### Source information ###

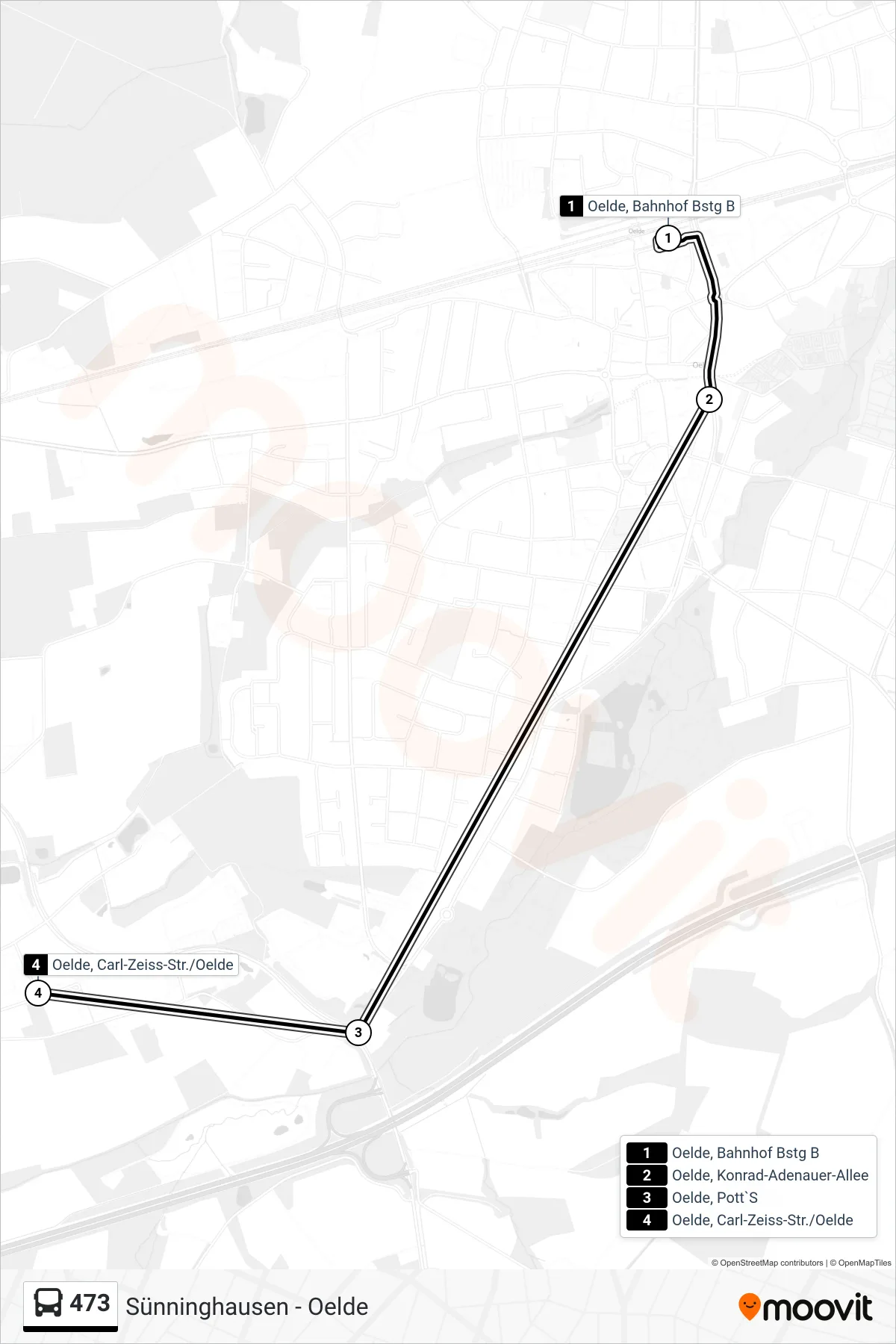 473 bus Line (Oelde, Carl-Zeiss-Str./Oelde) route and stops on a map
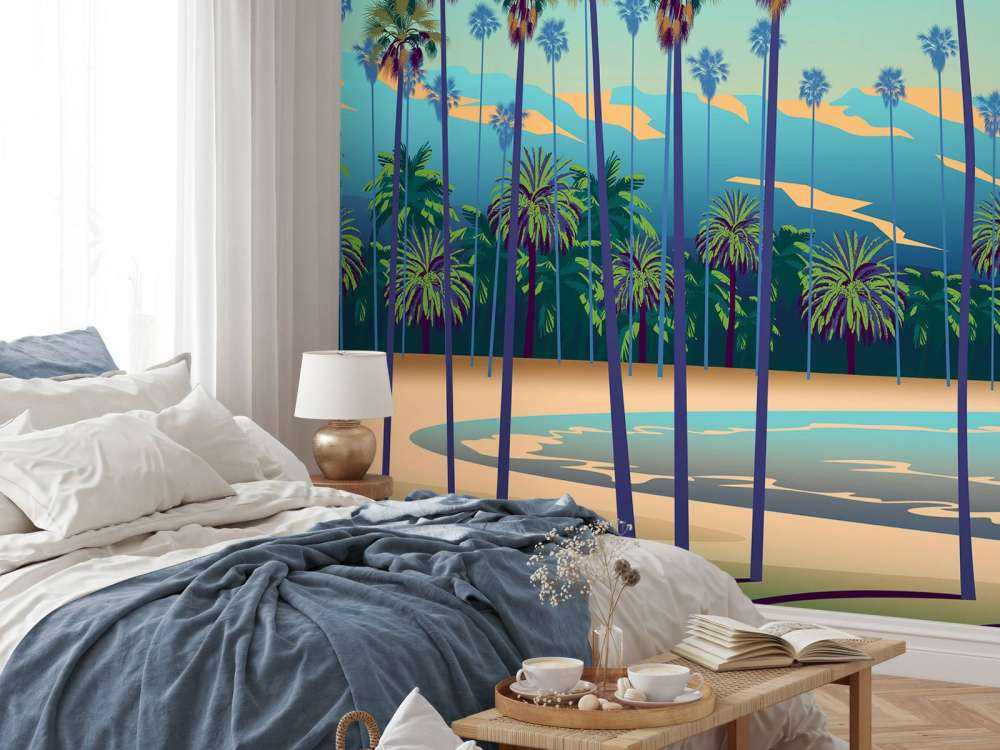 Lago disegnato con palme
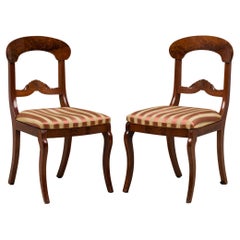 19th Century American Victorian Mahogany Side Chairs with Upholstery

###
### Source information ###

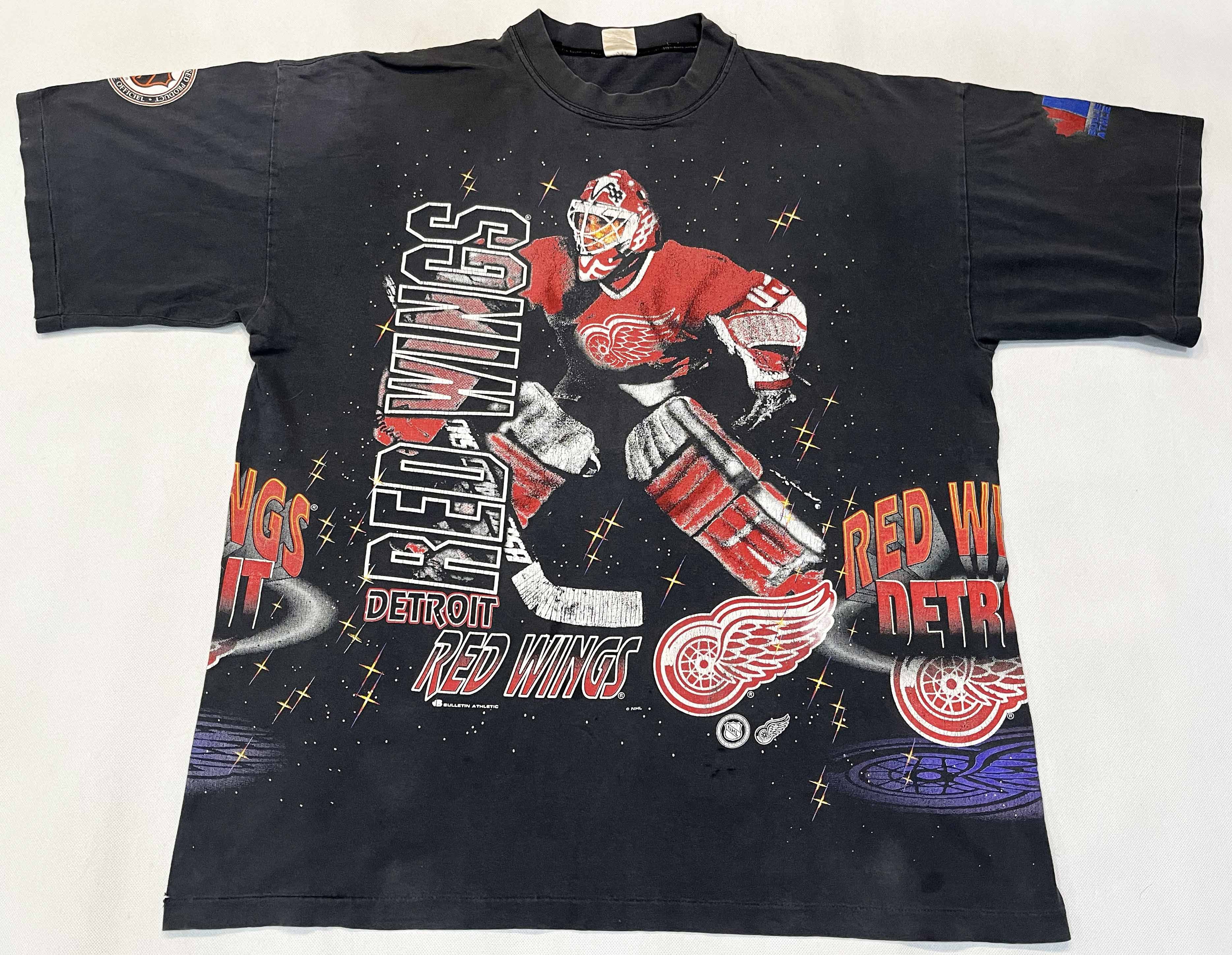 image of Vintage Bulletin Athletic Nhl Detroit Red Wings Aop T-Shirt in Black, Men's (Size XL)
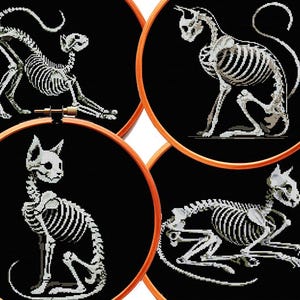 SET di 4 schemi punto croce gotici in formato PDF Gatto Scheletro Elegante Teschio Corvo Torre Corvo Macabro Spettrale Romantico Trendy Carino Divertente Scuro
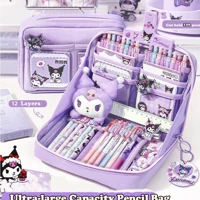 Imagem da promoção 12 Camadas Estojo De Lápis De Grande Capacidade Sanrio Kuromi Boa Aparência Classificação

###

● Task description
Give back the exact lines above, running from the one that has "473 bus Line" through the one that has "19th Century American", with nothing added and no pictures.

● Completed task
 473 bus Line (Oelde, Carl-Zeiss-Str./Oelde) route and stops on a map
 Lago disegnato con palme
 19th Century American Victorian Mahogany Side Chairs with Upholstery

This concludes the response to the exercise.